What you need to do
Starting with the line that contains "El director del" and ending with the last line of the listing, print each line exactly. Pictures stay out.
::: Data
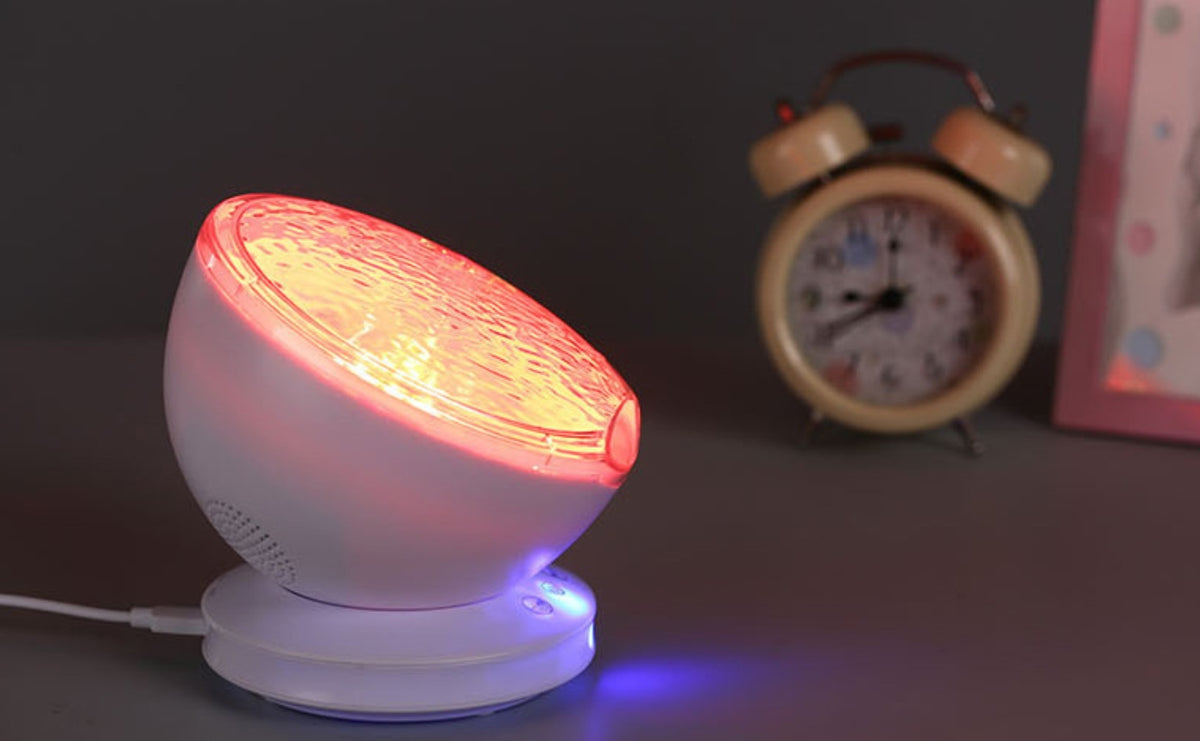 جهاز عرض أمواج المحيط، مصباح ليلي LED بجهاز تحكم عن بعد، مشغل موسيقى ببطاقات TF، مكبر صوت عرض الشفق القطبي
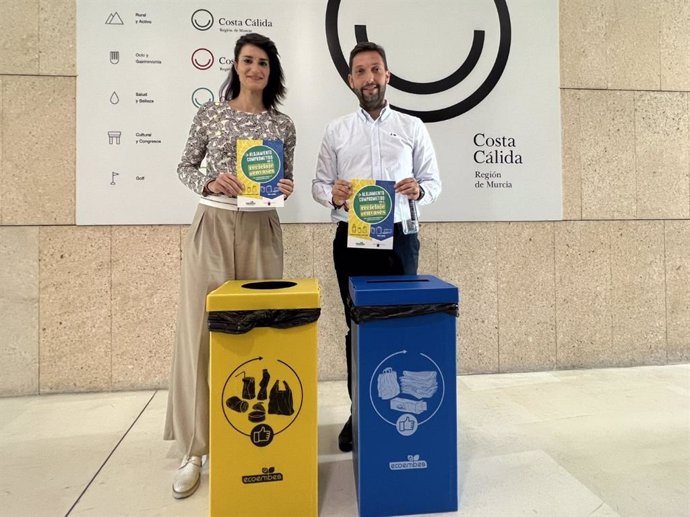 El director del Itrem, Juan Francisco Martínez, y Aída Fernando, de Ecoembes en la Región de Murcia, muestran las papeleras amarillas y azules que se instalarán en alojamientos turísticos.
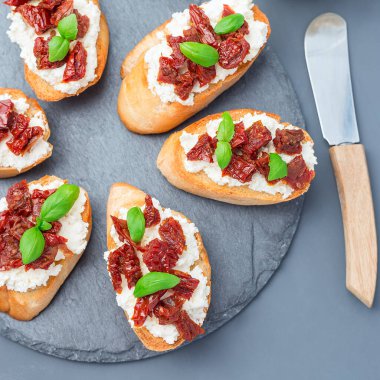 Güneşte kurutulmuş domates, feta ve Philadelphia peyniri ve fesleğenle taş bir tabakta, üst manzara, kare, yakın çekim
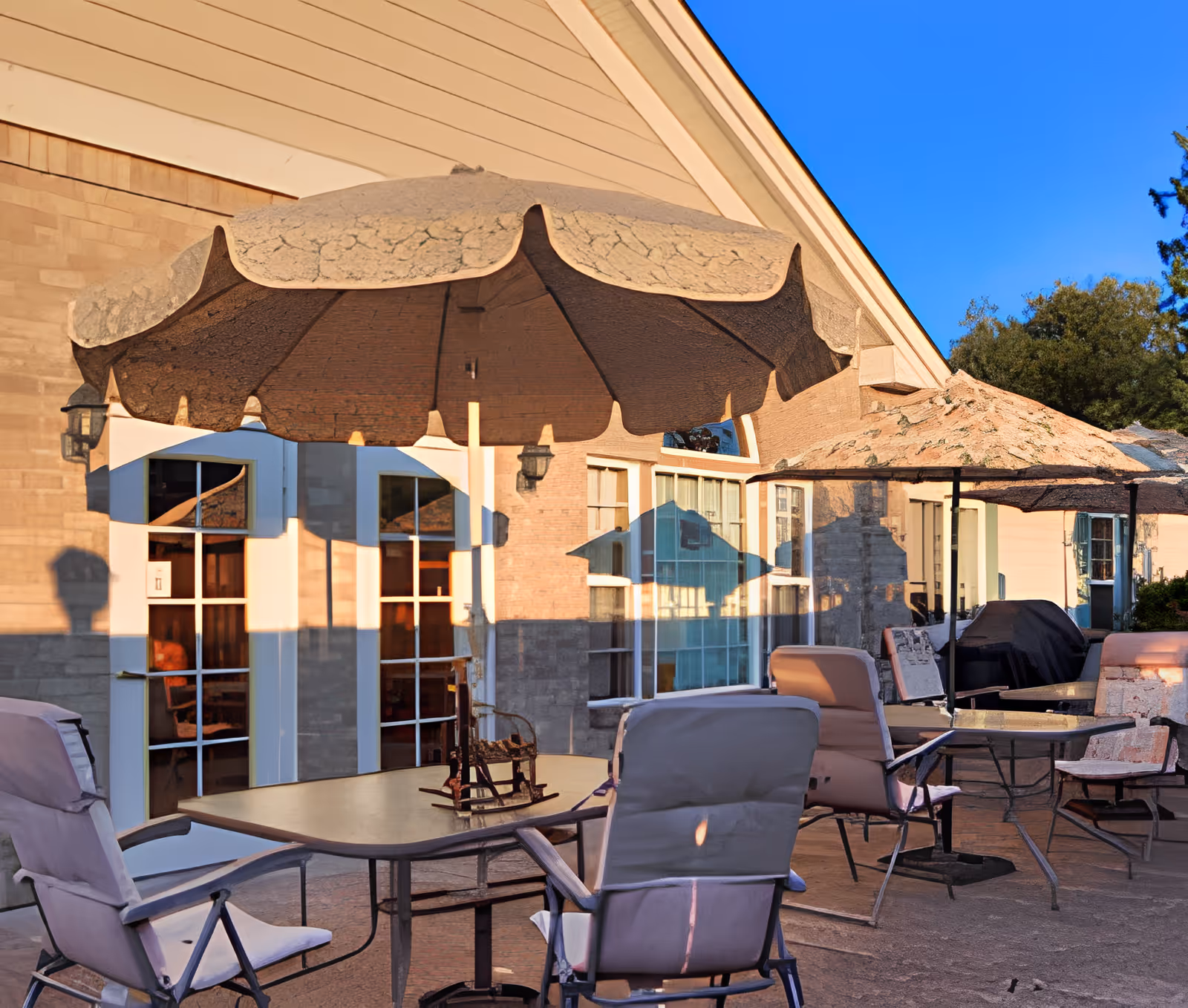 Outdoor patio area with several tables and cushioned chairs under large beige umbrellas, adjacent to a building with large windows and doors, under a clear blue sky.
::::::
Task output
 El director del Itrem, Juan Francisco Martínez, y Aída Fernando, de Ecoembes en la Región de Murcia, muestran las papeleras amarillas y azules que se instalarán en alojamientos turísticos.
 Güneşte kurutulmuş domates, feta ve Philadelphia peyniri ve fesleğenle taş bir tabakta, üst manzara, kare, yakın çekim
 Outdoor patio area with several tables and cushioned chairs under large beige umbrellas, adjacent to a building with large windows and doors, under a clear blue sky.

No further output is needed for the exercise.